_What the exercise asks_.
From the listing that follows, reproduce only the lines from the one holding "BOSCH MŁOT UDAROWY" through the one holding "Lehenga choli ชุดปาร์ตี้ออกแบบโดยดีไซเนอร์แบบพรีเมี่ยมพร้อมงาน", both included, with no pictures.
----------
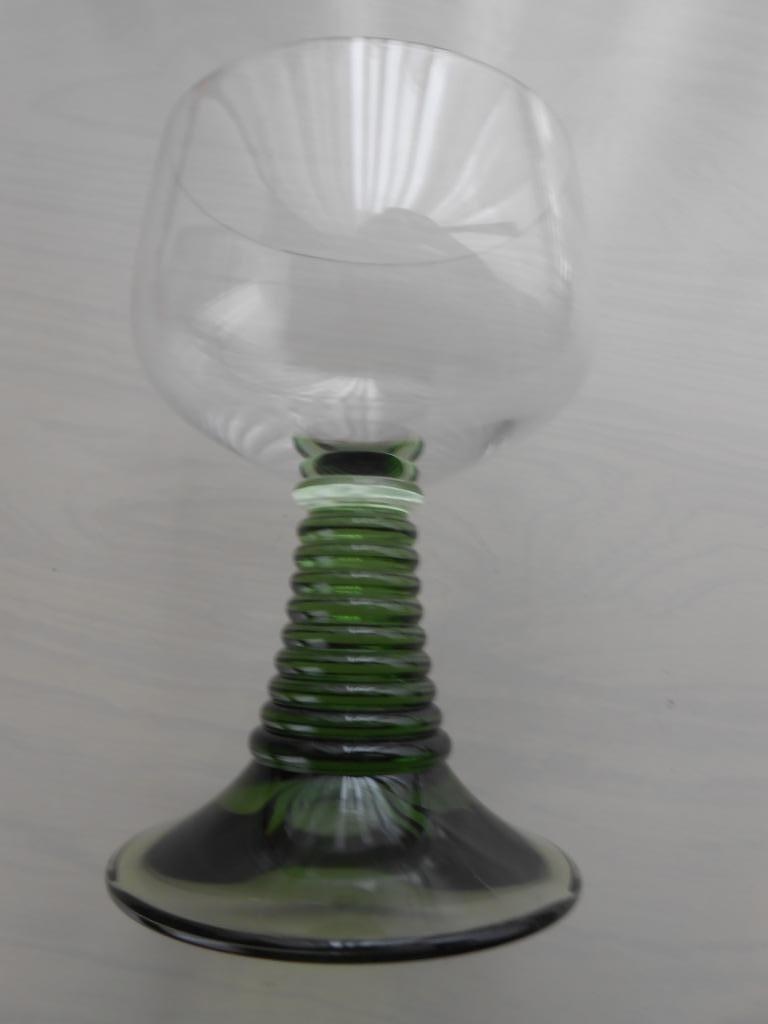 5 X MOEZEL WIJN  GLAS OP GROENE KORTE VOET, Ophalen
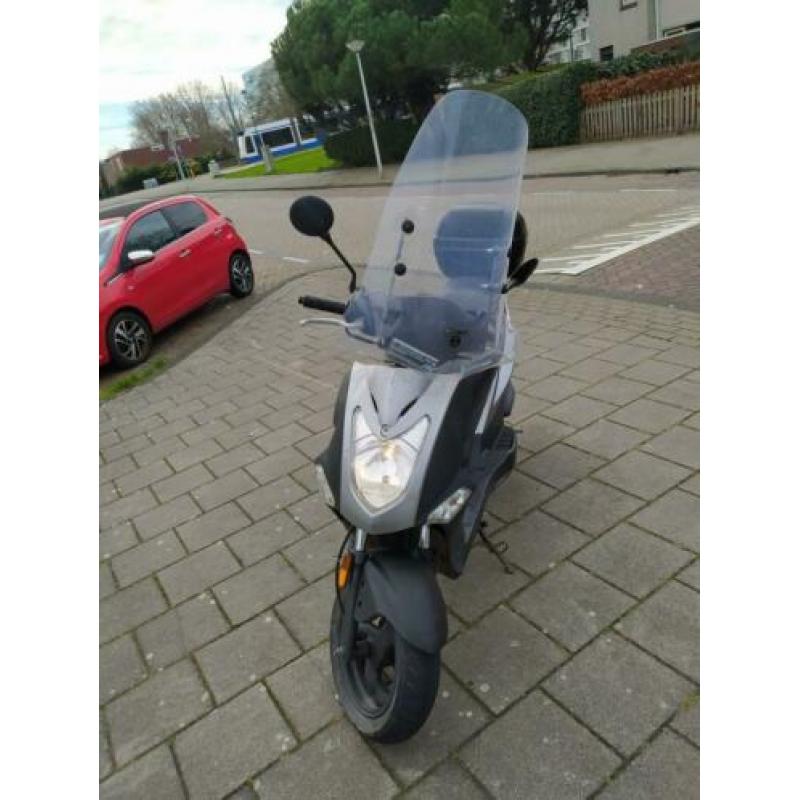 Kymco agilty 50 brom scooter bromscooter uit 2011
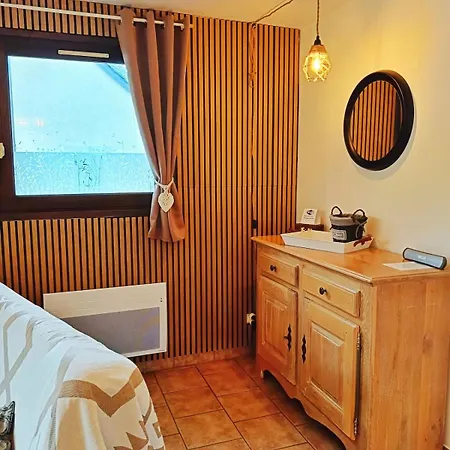 Riviere Et 4 Etoiles - Auvergne - Cantal Su Tatil Evi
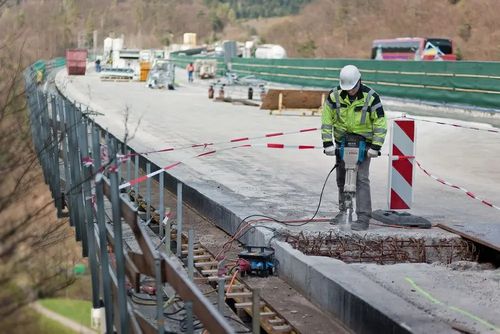 BOSCH MŁOT UDAROWY KUJĄCY HEX GSH27VC 2000W na Arena.pl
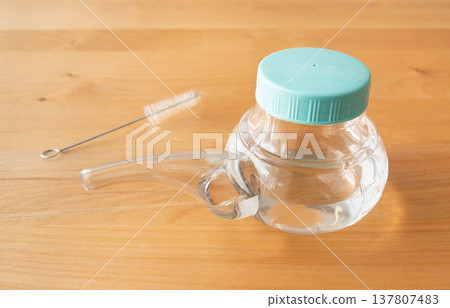 飲水杯和清潔刷 - 護理用品 飲水杯和清潔刷 - 護理用品 137807483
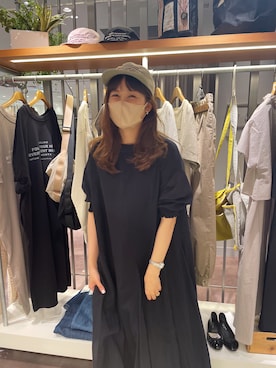 「シアタープロダクツ(THEATRE PRODUCTS)」｜「アイテム（帽子）」を使った、さちほさん（レディース・157cm）の春コーディネート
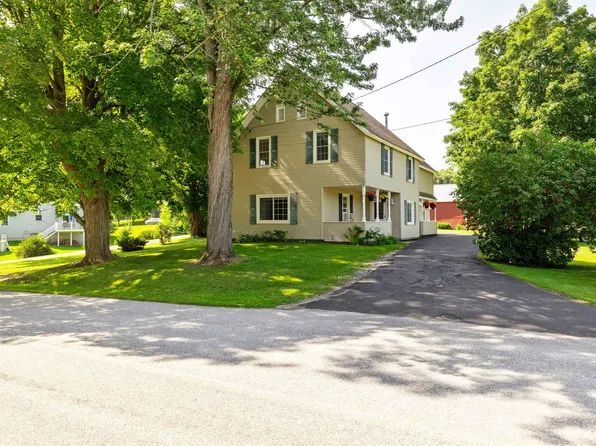 10 Fairfax Street, St. Albans Town, VT 05478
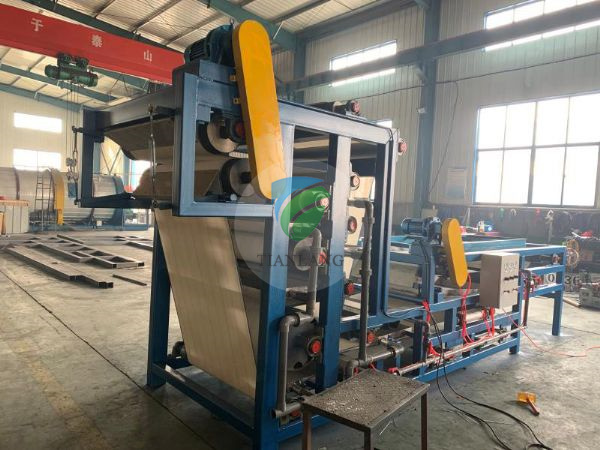 Washing belt filter press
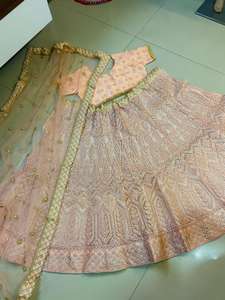 Lehenga choli ชุดปาร์ตี้ออกแบบโดยดีไซเนอร์แบบพรีเมี่ยมพร้อมงาน dori และ Jari และ Jari Flair CAN - Product Image 2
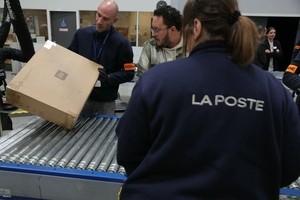 US postal traffic drops 81% after tariff exemption ends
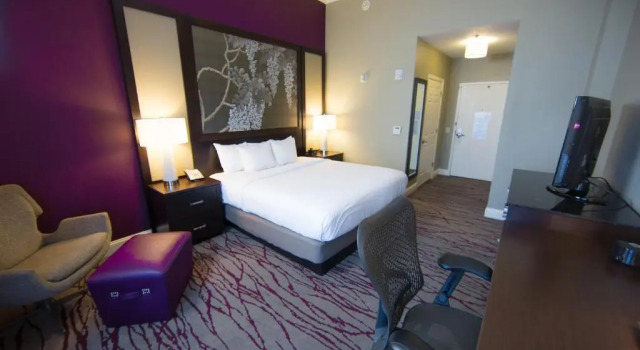 Двухместный номер DoubleTree by Hilton Historic Savannah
----------
_Result of the task_.
 BOSCH MŁOT UDAROWY KUJĄCY HEX GSH27VC 2000W na Arena.pl
 飲水杯和清潔刷 - 護理用品 飲水杯和清潔刷 - 護理用品 137807483
 「シアタープロダクツ(THEATRE PRODUCTS)」｜「アイテム（帽子）」を使った、さちほさん（レディース・157cm）の春コーディネート
 10 Fairfax Street, St. Albans Town, VT 05478
 Washing belt filter press
 Lehenga choli ชุดปาร์ตี้ออกแบบโดยดีไซเนอร์แบบพรีเมี่ยมพร้อมงาน dori และ Jari และ Jari Flair CAN - Product Image 2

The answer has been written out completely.